Comment: Use Already Adopted Guides To Standardize Home Data

As our industry continues to rebound from the turbulence of late 1998, many lenders find themselves faced with the challenge of operating in an increasingly competitive market that offers decreasing loan quality.

Appraisal reviews are one area that seems to really highlight this problem. Many lenders have successfully relied on additional software to improve appraisal reviews. But some have improperly tried to base loan decisions on supplemental reports that have inferior data, such as drive-by appraisals and field reviews. Applying a more uniform standard to appraisal analysis has become an increasingly daunting task.

Many agree that the appraisal review process is both art and science. But we still see many inconsistencies with the supposedly more objective part of this analysis, the science or technical application of appraisal reviews.

For example, in April 1996, with little fanfare, a voluntary standard was adopted for measuring and calculating the gross living area of detached and attached single-family residential buildings.

Though approved two years ago by the American National Standards Institute, use of the guidelines is not mandatory, and they have yet to be embraced or promoted by the real estate profession.

ANSI functions as the coordinator of the private-sector voluntary standardization system in the United States. The intent of the standard is to ensure that the size of single-family homes is measured in a uniform and consistent manner by tax assessors, Realtors, builders, architects, and appraisers.
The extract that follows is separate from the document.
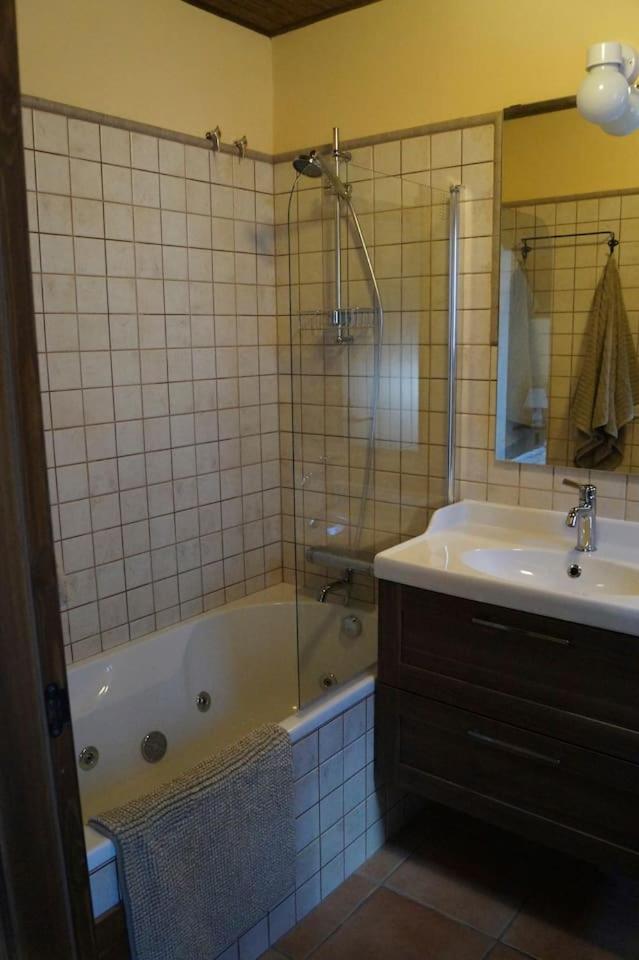 Photo 25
Though professional organizations representing each of these groups participated in drafting the standard, differing techniques for measurement and calculation of square footage are still used.

This has proven confusing to the consumer, the end-user of this information, and it has prompted increasing litigation.

Why can't anyone comparing blueprints of two homes be able to tell which one will truly offer the most usable living space? Can the judge resolving a tax appeal dispute feel confident that an appraisal report in evidence will reflect the same data as the public record? Shouldn't the prospective buyer of a home expect that an enclosed porch or finished basement will not be included in the listed square footage?

Interaction among real estate professionals must become more meaningful and productive so that comparisons are meaningful.

Perhaps those with significant influence in the lending and real estate industries should begin a grass-roots call for the universal application of the ANSI standards and make adherence to them a requirement for clients and vendors.

By standardizing the key information we deal with on a regular basis, we not only improve the way we do business but also protect the consumer. Mr. Moore is a corporate appraiser at MLN USA, a Middletown, Conn., subprime mortgage company.